» Material provided
--------

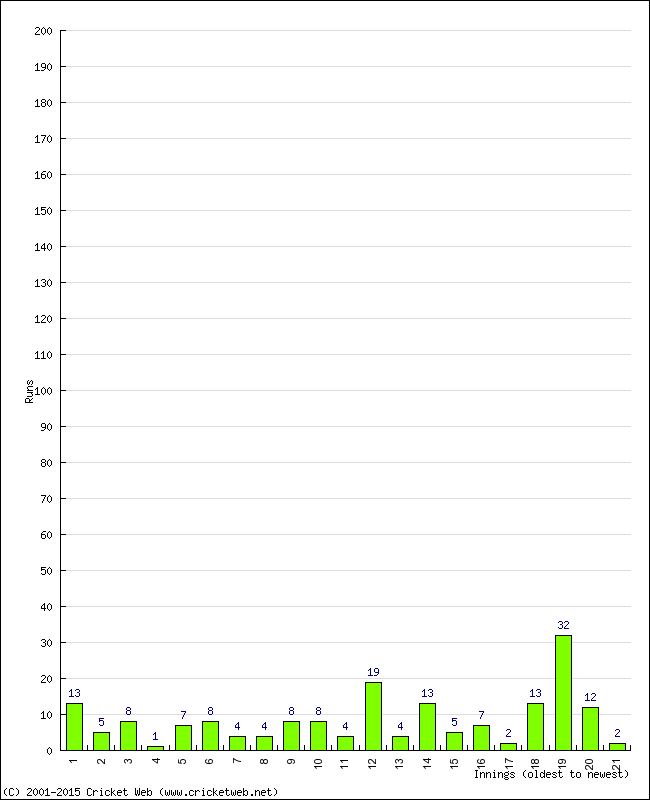 Batting Performance Innings by Innings - Home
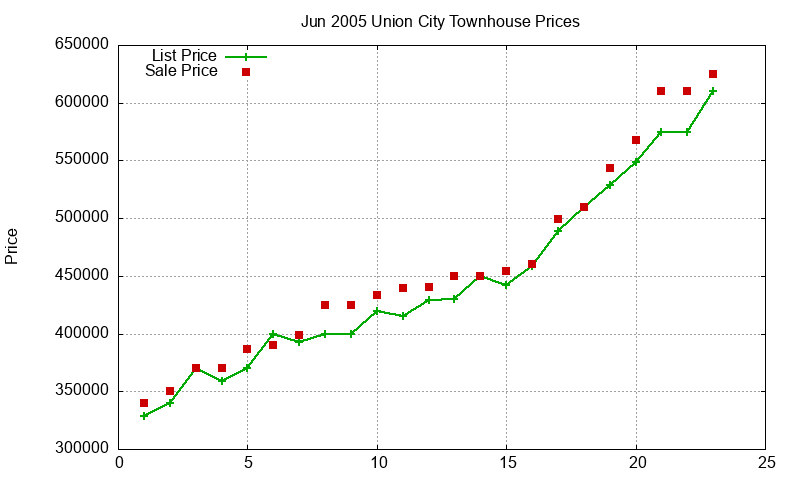 Union City Townhouses Just Sold 2005-06 Union City Townhouses Just Sold 2005-06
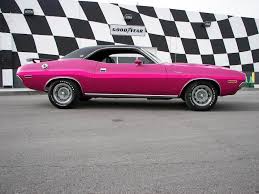 Image result for Panther Pink 1970 Polara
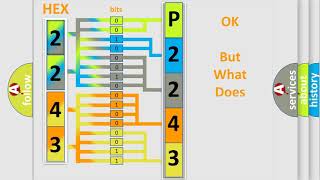 OBD p2243 significado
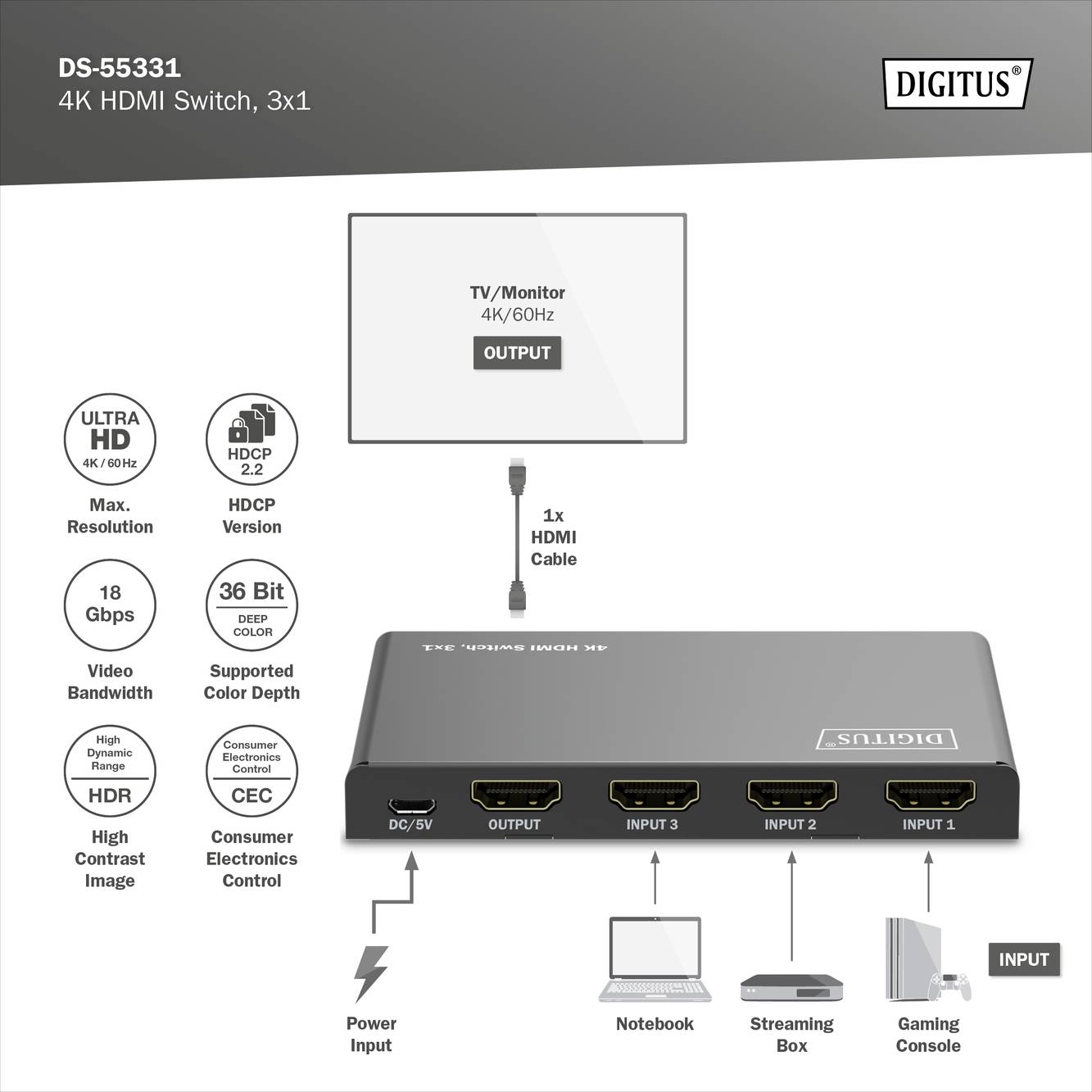 HDMI switch se třemi vstupy a jedním výstupem, podporující 4K/60Hz. Propojuje zařízení jako notebook, streamovací box a herní konzoli s jedním displejem.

--------

» Your assignment
In your copy of the listing, please omit the pictures and keep every word exact.

» Answer to this problem
 Batting Performance Innings by Innings - Home
 Union City Townhouses Just Sold 2005-06 Union City Townhouses Just Sold 2005-06
 Image result for Panther Pink 1970 Polara
 OBD p2243 significado
 HDMI switch se třemi vstupy a jedním výstupem, podporující 4K/60Hz. Propojuje zařízení jako notebook, streamovací box a herní konzoli s jedním displejem.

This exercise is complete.